WORK INSTRUCTIONS
Below is a listing. Quote from it, exactly, the lines from the one containing "Apartment With one" down to the one containing "Bed and Breakfast", both ends included, and nothing else.

··· PROVIDED INFORMATION ···

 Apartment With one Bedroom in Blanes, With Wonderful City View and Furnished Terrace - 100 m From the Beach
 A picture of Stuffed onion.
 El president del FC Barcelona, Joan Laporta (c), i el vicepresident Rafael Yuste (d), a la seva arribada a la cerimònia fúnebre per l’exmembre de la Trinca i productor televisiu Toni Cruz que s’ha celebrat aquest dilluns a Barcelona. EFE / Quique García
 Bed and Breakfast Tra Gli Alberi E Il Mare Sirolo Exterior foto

···
··· PROVIDED INFORMATION ···

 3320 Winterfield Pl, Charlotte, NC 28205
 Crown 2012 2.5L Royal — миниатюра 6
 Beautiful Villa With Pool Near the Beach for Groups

···

REPLY
 Apartment With one Bedroom in Blanes, With Wonderful City View and Furnished Terrace - 100 m From the Beach
 A picture of Stuffed onion.
 El president del FC Barcelona, Joan Laporta (c), i el vicepresident Rafael Yuste (d), a la seva arribada a la cerimònia fúnebre per l’exmembre de la Trinca i productor televisiu Toni Cruz que s’ha celebrat aquest dilluns a Barcelona. EFE / Quique García
 Bed and Breakfast Tra Gli Alberi E Il Mare Sirolo Exterior foto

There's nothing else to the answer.